As Europe begins to lift border restrictions, the International Air Transport Association has warned that the airline industry faces “a hard winter” ahead, as the aviation industry continues to reel from the outbreak of COVID-19.
The international association also renewed its call on governments around the globe to continue providing relief measures to aviation services, as those in the northern hemisphere prepare for a largely reduced flight capacity over the summer season, unlikely to offset the seasonal winter slowdown.
According to the IATA, airlines are collectively expected to post a loss of $84.3 billion in 2020, further validating the need for worldwide government financial relief.
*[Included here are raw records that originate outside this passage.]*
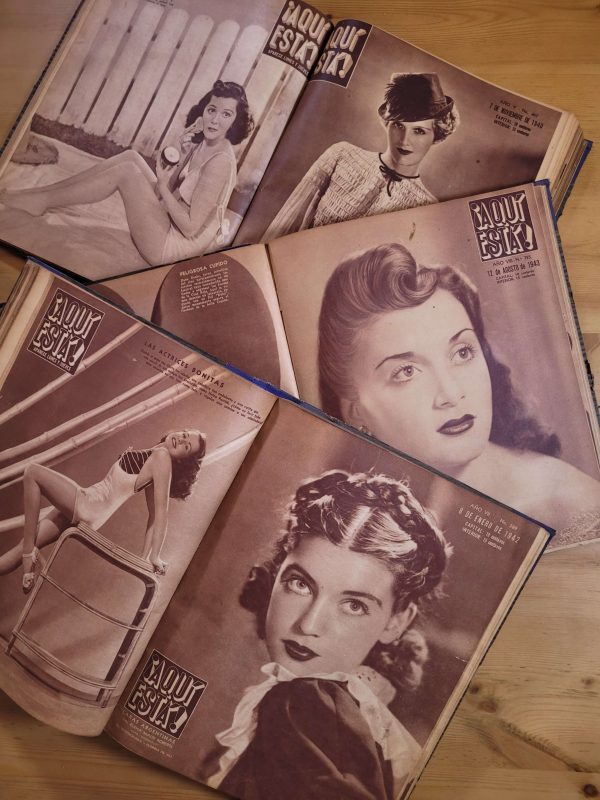 Empastes AQUÍ ESTÁ -Argentina, años 40s- (3 volúmenes / 30 revistas en total)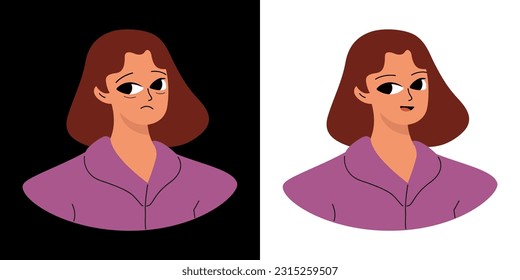 Concept of emotions before and after. Cartoon cute girlish face. Woman with a sad and joyful face. Isolated vector
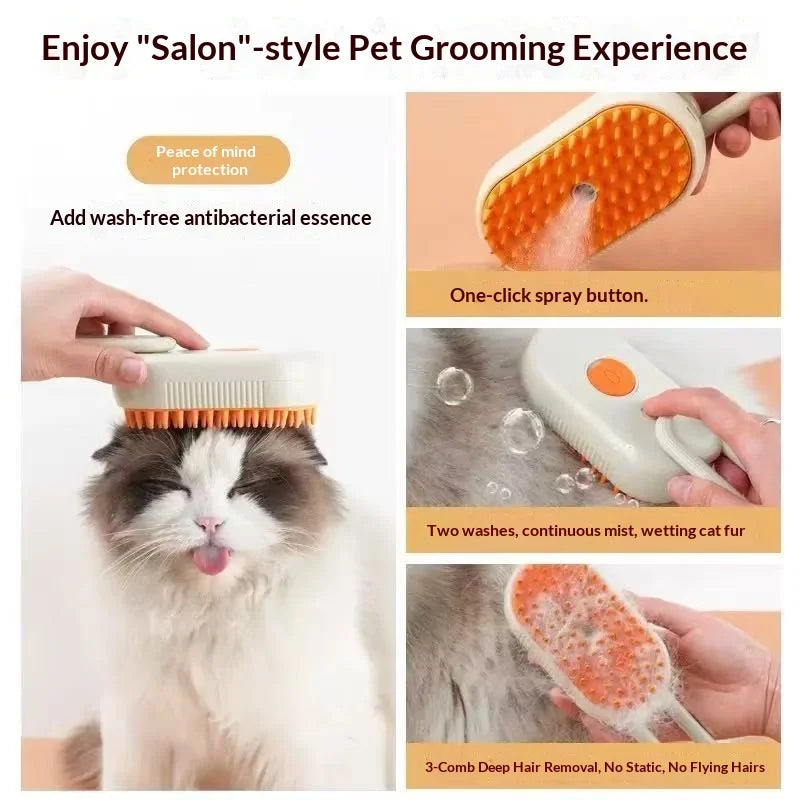 Escova de Vapor Pet 3 em 1 - Removedora de Pelos com Spray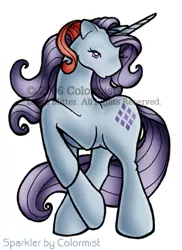 Size: 338x464 | Tagged: safe, artist:colormist, derpibooru import, sparkler (g1), pony, unicorn, female, g1, no mouth, simple background, solo, watermark, white background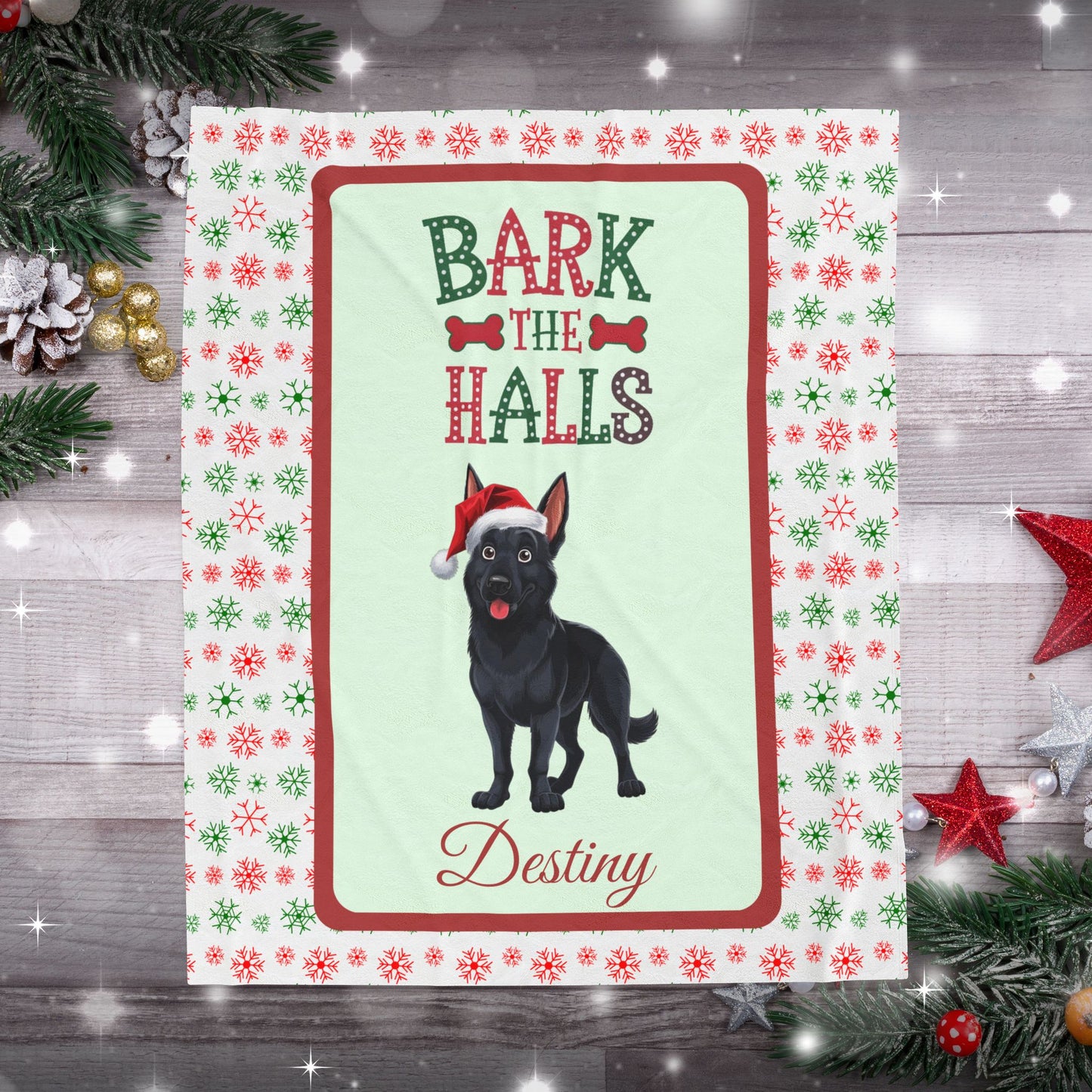 German Shepherd (Black) Velveteen Blanket - Cozy holiday dog lover throw, personalized GSD gift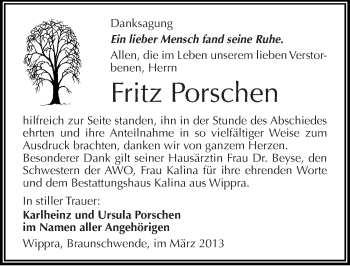 Traueranzeige von Fritz Porschen von Mitteldeutsche Zeitung Mansfelder Land
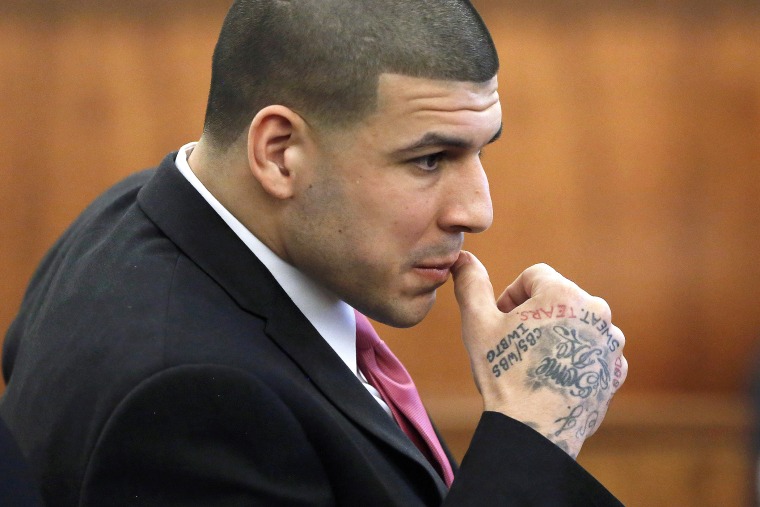 Former New England Patriots NFL football player Aaron Hernandez is seated during his murder trial, April 2, 2015, in Fall River, Mass. (Photo by Steven Senne/Pool/AP)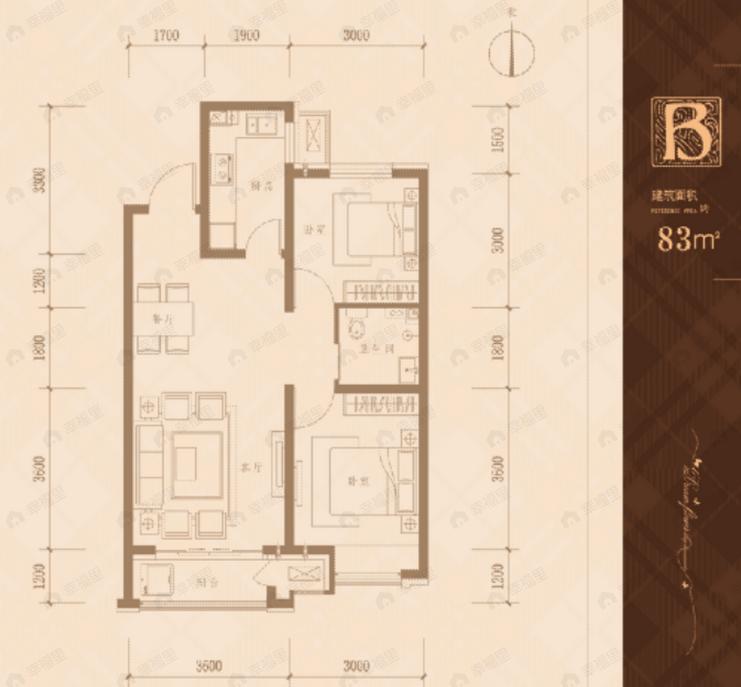 3室2厅1卫建面83平户型图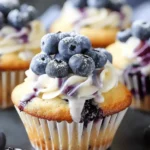 Fluffy Blueberry Muffin Style Cupcakes with Sweet Glaze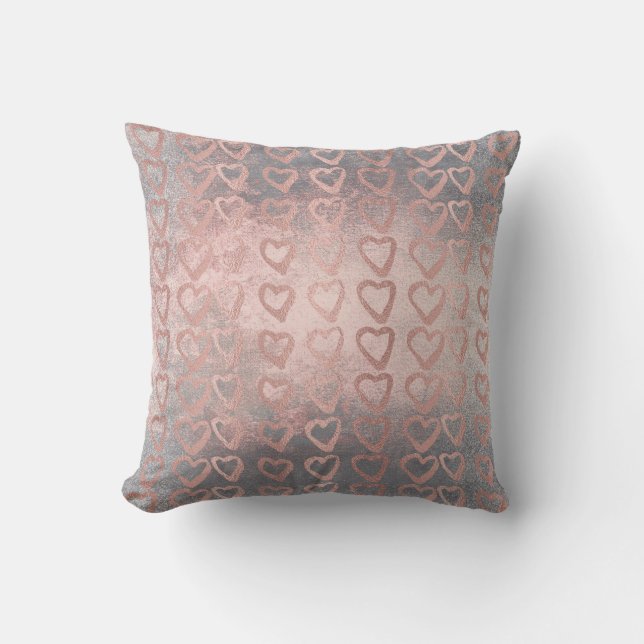 Pink Rose Gold Heart Gray Deluxe Cement Silver Cushion (Front)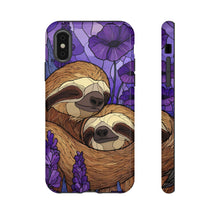 Load image into Gallery viewer, Stained Glass Cute Sloth Couple Phone Case
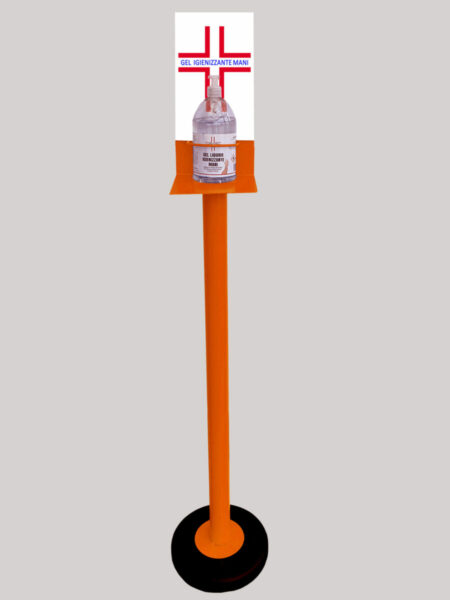 Colonnina Piantana Arancione Porta Gel Igienizzante Lavamani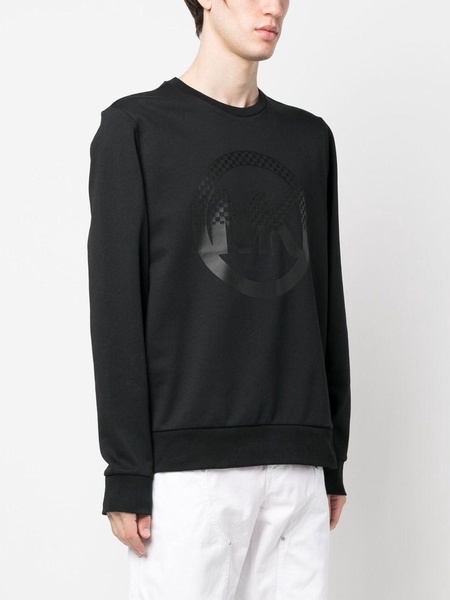 checkerboard logo-print crew-neck sweatshirt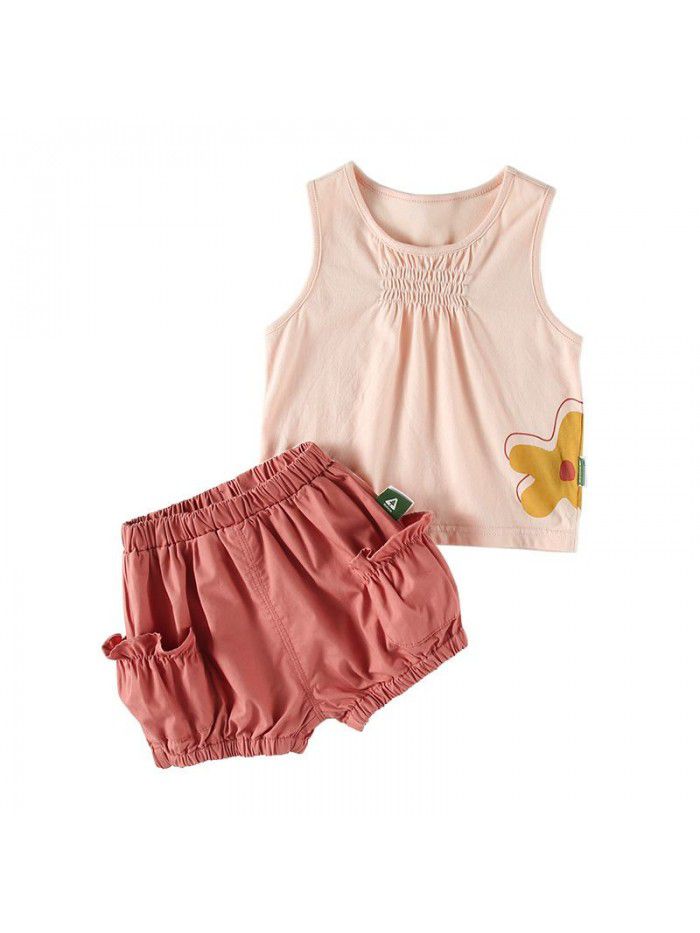 Amila Amila children's wear girls' Leisure Sports vest two piece suit summer wear new style foreign style children's shorts 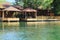 Bungalow houses and bowers in the lake, summer season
The bulk of airlines make their money in the northern summer season, while the winter season, even in the best of times, is a struggle to remain profitable, the association said.
For example, the 2019 net profit margin for European airlines followed the normal seasonal pattern and was 9 per cent and 17 per cent respectively in Q2 and Q3 (northern summer), after starting off the year at -1 per cent in Q1 and finishing the year at 2 per cent in Q4 (northern winter).
The winter season is likely to be even more challenging amid the recovery from COVID-19.
Public opinion research conducted by the IATA in the first week of June 2020 showed greater caution among travellers in returning to travel.
Travellers more reluctant to return to the skies
Only 45 per cent of travellers surveyed stated that they intend to return to the skies within “a few months” of the pandemic subsiding, while a further 36 per cent said that they would wait six months before travelling.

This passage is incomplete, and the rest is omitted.